A group rotated to the modernism period. Professor Jerry Ringe performed an abstract jazz clarinet solo Igor Stravinsky composed. The notes were fleeting, flying and sharp, resonating throughout room. This era featured innovative and unconventional sounds and techniques. In an improvised section of her piece, cellist and music instructor Kourtney Newton, drew her bow across the strings of her cello in a circle, rather than horizontal, creating a unique texture to her notes.
Schimpf recalled Newton’s previous performances for the event where she also experimented with technique and sound.
“She played a piece for cello and kick drum,” Schimpf said. “And last semester, she was playing the cello, and all of a sudden, she started singing. I was like, ‘All right, she’s singing!’ It was really cool.”
The audience was led to another room. There was a quiet anticipation broken by a flurry of chords as instructor Taeyu Kwon flew her fingers across the keys of the piano. Blue, bedazzled heels pumped the pedals, face buried in concentration as she played through the entirety of the romantic era pieces.
Kwon accompanied a string bass, euphonium and a vocalist. Each performance expressed the dramatic harmonies that characterize the era.

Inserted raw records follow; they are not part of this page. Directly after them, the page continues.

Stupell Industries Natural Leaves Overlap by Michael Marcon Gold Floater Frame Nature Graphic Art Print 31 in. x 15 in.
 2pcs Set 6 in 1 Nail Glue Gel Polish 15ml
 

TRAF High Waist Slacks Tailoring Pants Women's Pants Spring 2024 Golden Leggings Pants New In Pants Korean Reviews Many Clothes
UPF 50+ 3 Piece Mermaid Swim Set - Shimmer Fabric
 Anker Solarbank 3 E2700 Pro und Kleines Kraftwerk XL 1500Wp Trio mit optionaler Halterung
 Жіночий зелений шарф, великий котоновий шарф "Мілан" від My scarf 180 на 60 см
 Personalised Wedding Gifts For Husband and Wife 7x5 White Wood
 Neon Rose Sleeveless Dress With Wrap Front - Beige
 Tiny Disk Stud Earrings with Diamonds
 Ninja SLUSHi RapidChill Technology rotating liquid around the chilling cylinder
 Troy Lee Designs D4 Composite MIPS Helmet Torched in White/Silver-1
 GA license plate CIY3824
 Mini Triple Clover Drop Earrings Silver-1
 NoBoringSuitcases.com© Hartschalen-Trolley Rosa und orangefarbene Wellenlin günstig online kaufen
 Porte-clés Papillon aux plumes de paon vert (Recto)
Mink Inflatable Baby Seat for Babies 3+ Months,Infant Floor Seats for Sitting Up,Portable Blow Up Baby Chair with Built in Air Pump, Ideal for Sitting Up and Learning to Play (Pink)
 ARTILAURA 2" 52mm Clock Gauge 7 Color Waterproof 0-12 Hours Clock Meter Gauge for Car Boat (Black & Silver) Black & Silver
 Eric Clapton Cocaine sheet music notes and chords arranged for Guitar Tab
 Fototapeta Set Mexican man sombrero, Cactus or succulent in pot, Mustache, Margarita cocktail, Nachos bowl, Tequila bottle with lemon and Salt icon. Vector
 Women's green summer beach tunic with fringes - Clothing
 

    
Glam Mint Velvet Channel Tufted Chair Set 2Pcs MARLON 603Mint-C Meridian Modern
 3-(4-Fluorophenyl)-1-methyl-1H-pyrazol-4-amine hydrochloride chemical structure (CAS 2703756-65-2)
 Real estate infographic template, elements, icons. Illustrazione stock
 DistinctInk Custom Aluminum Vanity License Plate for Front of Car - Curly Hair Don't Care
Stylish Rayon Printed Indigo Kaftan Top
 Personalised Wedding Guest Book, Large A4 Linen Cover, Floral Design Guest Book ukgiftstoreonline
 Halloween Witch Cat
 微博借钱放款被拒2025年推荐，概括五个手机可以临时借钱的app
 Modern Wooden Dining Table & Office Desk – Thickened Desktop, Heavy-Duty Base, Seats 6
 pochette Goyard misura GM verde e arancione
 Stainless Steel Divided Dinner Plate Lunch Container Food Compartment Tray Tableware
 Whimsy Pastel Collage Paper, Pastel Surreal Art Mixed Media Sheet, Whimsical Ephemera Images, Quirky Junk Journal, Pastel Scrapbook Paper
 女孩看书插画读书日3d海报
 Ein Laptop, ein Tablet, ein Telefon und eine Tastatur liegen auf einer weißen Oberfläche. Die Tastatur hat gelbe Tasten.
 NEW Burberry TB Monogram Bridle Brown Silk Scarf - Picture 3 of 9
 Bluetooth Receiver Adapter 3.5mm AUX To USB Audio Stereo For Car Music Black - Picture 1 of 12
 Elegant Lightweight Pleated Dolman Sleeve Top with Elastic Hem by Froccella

This was Rennie’s favorite room. He was taken aback by the beauty of the first piece, “Widmung,” and liked how the era began to embrace imperfections and ignore the rules set by the classical era.
“It was something about the tension building and then just breaking, like it kept fighting. The piano kept fighting the tension,” he said.
Senn hadn’t seen an orchestra since middle school. He was surprised by what difference seeing professionals perform live can make. He credited Kwon and the cellist in the classical era, Tsun Kwok, to putting their whole heart into their performances. The instructor’s dedication and vigor is what left the biggest impact on him.
“It’s not really the sheet that makes the music, it’s the person,” Senn said. “These musicians, you could tell they were passionate about what they were making and that reaches me.”